WORK TO BE COMPLETED :: Reproduce verbatim the lines of the material below, starting at the line with "Sonata no.20 a8" and ending at the line with "Versace Squalo Sneakers In Black", both inclusive; skip the rest.

INFORMATION ::

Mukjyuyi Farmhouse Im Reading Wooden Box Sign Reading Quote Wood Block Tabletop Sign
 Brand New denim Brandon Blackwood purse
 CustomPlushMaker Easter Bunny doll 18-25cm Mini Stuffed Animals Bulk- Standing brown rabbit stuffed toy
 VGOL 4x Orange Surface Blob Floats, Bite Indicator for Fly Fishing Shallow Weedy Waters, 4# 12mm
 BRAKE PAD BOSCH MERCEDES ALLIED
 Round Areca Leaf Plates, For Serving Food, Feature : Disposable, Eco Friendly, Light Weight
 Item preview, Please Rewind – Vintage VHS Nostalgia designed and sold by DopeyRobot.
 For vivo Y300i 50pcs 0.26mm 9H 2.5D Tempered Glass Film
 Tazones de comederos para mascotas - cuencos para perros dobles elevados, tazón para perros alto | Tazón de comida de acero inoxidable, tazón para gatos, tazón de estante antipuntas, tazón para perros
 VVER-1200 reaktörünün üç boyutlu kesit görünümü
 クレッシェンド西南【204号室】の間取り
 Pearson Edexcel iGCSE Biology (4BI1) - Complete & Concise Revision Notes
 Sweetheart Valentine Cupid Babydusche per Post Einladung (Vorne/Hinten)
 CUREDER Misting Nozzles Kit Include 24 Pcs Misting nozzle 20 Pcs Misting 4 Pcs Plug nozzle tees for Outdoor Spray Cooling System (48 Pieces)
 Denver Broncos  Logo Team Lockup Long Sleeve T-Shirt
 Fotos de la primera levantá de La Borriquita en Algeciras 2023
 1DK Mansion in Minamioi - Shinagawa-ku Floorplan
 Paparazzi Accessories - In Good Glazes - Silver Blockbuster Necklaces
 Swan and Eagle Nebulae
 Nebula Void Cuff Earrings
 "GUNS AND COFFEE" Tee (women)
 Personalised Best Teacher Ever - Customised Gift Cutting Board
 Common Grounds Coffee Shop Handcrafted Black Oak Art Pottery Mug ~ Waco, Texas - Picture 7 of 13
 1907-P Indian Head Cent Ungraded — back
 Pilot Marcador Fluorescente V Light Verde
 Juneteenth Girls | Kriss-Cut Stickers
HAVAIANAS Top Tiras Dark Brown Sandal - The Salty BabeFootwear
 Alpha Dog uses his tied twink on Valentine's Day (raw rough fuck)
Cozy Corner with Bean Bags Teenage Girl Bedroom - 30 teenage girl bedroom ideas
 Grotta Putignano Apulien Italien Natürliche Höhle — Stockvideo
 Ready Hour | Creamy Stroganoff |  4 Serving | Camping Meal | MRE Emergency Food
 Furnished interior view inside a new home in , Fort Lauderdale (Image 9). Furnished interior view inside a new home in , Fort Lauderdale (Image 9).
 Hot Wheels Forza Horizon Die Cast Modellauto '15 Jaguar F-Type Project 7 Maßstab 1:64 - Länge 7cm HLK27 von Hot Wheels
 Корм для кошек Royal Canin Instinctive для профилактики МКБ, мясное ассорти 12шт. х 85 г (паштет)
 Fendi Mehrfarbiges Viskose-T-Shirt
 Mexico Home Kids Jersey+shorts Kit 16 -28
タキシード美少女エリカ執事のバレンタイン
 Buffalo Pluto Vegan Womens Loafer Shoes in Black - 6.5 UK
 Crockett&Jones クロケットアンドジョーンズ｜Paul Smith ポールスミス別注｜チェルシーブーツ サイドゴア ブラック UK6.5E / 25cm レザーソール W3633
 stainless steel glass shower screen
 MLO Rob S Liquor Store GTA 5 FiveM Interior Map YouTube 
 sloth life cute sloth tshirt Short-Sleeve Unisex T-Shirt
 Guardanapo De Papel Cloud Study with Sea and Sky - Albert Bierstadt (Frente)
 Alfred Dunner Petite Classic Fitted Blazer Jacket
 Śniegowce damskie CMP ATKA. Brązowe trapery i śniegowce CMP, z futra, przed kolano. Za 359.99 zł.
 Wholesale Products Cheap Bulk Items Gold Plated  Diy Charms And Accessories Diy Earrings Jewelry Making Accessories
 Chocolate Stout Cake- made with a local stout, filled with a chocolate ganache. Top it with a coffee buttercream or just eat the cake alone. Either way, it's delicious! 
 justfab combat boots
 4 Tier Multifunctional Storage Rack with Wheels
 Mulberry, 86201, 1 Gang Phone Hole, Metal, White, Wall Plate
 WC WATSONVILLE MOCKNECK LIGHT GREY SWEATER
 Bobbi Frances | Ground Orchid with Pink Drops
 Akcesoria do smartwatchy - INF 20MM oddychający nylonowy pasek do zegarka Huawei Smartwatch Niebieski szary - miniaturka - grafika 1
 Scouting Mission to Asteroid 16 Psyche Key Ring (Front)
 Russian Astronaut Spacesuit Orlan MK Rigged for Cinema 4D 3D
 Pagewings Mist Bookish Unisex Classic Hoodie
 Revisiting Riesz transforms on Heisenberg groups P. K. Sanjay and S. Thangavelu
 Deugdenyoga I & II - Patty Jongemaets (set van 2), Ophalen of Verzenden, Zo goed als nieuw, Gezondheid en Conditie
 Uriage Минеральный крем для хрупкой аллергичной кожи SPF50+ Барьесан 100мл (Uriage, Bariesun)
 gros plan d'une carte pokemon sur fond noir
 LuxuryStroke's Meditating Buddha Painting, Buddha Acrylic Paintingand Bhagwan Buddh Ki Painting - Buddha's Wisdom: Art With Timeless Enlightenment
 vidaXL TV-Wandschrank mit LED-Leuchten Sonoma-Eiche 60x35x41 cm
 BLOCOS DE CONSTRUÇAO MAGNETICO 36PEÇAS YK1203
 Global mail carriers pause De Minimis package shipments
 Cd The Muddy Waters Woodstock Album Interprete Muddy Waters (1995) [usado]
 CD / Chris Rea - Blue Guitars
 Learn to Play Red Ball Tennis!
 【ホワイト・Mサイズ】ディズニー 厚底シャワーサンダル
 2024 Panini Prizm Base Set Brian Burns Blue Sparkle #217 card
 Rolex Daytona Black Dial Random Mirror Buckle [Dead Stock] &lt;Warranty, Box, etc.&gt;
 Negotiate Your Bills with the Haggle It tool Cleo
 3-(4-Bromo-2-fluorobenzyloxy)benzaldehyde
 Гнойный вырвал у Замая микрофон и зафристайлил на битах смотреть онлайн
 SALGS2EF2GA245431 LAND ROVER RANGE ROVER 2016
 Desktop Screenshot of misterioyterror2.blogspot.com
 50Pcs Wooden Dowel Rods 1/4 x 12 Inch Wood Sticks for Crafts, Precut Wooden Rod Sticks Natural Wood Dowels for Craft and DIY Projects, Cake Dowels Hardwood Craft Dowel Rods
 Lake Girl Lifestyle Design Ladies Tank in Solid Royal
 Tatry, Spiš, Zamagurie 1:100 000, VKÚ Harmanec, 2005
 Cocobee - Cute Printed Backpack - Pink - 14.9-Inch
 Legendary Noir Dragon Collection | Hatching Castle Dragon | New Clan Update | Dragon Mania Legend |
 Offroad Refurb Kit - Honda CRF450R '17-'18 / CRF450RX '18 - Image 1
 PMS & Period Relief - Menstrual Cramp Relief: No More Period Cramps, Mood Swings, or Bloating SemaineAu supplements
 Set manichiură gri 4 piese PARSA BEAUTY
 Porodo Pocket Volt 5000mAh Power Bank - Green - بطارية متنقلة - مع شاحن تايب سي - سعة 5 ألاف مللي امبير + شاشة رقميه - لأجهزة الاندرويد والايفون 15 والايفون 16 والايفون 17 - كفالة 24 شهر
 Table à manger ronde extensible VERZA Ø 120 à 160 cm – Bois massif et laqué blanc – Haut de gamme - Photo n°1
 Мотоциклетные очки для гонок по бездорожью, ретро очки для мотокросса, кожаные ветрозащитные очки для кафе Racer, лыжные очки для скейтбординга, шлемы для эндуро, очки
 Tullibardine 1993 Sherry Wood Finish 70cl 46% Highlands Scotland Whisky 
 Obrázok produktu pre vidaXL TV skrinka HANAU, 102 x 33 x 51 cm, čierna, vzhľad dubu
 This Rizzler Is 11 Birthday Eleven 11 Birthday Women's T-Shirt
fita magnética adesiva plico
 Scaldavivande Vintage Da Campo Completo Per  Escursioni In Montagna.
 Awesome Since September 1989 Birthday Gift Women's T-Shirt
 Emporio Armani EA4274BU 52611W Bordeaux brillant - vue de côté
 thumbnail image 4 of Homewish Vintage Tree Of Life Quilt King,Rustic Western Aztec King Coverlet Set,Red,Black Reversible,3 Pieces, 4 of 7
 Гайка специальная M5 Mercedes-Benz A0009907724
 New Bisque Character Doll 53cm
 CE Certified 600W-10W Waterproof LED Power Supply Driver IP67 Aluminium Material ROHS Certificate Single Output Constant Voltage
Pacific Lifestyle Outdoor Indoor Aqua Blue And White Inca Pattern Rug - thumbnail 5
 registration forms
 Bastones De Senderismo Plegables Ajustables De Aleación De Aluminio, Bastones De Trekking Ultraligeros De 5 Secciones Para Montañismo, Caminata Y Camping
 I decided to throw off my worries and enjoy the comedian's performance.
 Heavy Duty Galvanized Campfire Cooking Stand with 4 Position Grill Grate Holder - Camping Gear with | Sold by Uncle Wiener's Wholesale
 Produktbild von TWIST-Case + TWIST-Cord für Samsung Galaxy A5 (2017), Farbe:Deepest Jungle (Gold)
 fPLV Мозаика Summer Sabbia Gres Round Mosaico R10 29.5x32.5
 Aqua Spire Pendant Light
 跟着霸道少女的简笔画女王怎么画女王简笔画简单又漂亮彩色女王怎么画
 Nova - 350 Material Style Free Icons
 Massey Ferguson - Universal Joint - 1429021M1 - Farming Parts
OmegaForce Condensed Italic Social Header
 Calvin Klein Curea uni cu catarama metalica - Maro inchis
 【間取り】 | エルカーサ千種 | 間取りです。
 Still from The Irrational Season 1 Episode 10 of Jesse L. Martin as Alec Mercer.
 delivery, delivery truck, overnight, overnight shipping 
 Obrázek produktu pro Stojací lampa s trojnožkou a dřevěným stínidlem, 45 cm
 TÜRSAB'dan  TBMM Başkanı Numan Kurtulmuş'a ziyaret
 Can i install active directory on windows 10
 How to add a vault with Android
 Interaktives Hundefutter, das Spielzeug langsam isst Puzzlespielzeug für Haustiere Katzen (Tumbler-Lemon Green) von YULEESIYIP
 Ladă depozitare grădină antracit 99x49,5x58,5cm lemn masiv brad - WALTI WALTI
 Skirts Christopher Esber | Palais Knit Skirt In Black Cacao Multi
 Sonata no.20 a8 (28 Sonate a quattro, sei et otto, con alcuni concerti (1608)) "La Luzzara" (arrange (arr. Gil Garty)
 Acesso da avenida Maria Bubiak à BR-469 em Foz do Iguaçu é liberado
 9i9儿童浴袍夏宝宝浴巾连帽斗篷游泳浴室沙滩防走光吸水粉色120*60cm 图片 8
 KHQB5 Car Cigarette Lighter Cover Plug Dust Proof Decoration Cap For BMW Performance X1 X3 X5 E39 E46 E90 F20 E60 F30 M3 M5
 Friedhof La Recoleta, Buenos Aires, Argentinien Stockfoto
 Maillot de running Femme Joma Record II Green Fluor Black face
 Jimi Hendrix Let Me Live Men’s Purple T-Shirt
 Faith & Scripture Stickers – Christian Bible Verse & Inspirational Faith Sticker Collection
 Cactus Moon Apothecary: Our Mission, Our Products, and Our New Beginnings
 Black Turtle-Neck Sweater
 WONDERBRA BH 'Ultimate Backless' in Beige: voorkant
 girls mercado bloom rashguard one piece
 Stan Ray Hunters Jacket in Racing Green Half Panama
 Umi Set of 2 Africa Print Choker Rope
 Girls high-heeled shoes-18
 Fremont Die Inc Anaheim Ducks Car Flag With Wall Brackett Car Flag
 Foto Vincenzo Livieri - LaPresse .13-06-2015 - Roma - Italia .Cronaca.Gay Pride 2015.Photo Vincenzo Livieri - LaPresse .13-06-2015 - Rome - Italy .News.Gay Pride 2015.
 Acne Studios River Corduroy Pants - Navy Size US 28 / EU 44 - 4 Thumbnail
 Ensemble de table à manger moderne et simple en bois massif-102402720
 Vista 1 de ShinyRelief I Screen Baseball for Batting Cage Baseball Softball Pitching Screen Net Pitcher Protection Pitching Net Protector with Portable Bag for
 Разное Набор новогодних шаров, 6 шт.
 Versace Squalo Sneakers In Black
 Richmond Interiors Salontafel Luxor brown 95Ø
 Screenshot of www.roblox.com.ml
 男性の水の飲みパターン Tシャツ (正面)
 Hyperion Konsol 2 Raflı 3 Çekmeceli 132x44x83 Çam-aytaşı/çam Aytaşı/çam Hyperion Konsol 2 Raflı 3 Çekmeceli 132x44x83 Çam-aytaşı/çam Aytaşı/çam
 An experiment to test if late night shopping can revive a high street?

SOLUTION TO THIS TASK ::
 Sonata no.20 a8 (28 Sonate a quattro, sei et otto, con alcuni concerti (1608)) "La Luzzara" (arrange (arr. Gil Garty)
 Acesso da avenida Maria Bubiak à BR-469 em Foz do Iguaçu é liberado
 9i9儿童浴袍夏宝宝浴巾连帽斗篷游泳浴室沙滩防走光吸水粉色120*60cm 图片 8
 KHQB5 Car Cigarette Lighter Cover Plug Dust Proof Decoration Cap For BMW Performance X1 X3 X5 E39 E46 E90 F20 E60 F30 M3 M5
 Friedhof La Recoleta, Buenos Aires, Argentinien Stockfoto
 Maillot de running Femme Joma Record II Green Fluor Black face
 Jimi Hendrix Let Me Live Men’s Purple T-Shirt
 Faith & Scripture Stickers – Christian Bible Verse & Inspirational Faith Sticker Collection
 Cactus Moon Apothecary: Our Mission, Our Products, and Our New Beginnings
 Black Turtle-Neck Sweater
 WONDERBRA BH 'Ultimate Backless' in Beige: voorkant
 girls mercado bloom rashguard one piece
 Stan Ray Hunters Jacket in Racing Green Half Panama
 Umi Set of 2 Africa Print Choker Rope
 Girls high-heeled shoes-18
 Fremont Die Inc Anaheim Ducks Car Flag With Wall Brackett Car Flag
 Foto Vincenzo Livieri - LaPresse .13-06-2015 - Roma - Italia .Cronaca.Gay Pride 2015.Photo Vincenzo Livieri - LaPresse .13-06-2015 - Rome - Italy .News.Gay Pride 2015.
 Acne Studios River Corduroy Pants - Navy Size US 28 / EU 44 - 4 Thumbnail
 Ensemble de table à manger moderne et simple en bois massif-102402720
 Vista 1 de ShinyRelief I Screen Baseball for Batting Cage Baseball Softball Pitching Screen Net Pitcher Protection Pitching Net Protector with Portable Bag for
 Разное Набор новогодних шаров, 6 шт.
 Versace Squalo Sneakers In Black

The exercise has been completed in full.